[Top][All Lists]
[Date Prev][Date Next][Thread Prev][Thread Next][Date Index][Thread Index]
Re: [Bug-gnupedia] Re: A Detailed Proposal - Mk I
From: |
Imran Ghory |
Subject: |
Re: [Bug-gnupedia] Re: A Detailed Proposal - Mk I |
Date: |
Sat, 20 Jan 2001 23:10:10 -0000 |
On 20 Jan 2001, at 9:33, Mike Warren wrote:
> "Imran Ghory" <address@hidden> writes:
>
> > I think that unique IDing should be done on the content of the
> > article not on data such as the server it was submitted to. After
> > all we want two articles which are the same to be fingerprinted the
> > same regardless of external facts such as which server it has been
> > submitted to.
> >
> > I think MD5 (rfc1321) fingerprinting of the article would be the
> > best way to do this.
>
> Even simpler, we could just sequentially assign 128 (or 256 or 512...)
> bit integers to the articles as they arrive at the ``central'' server,
> especially since the articles' content will change over time...

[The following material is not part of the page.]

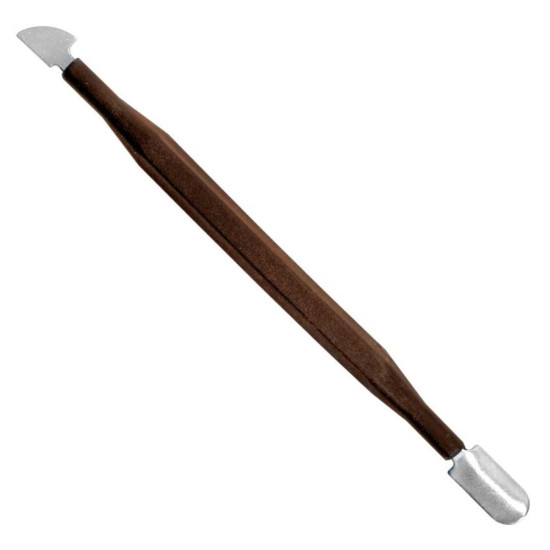 ESPATULA DUPLA NYLON R PARA CUTICULA SANTA CLARA REF 1984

Do we really want a central point of failure ?
The first version should kept, fingerprinting the original would
encourage servers to keep older articles.
Alternately as I suggest before updates to an article could be
stored as diffs. If the diffs get too large it would be a good sign that
the article is hardly the same as the original and should be given a
new fingerprint to indicate such.
Imran Ghory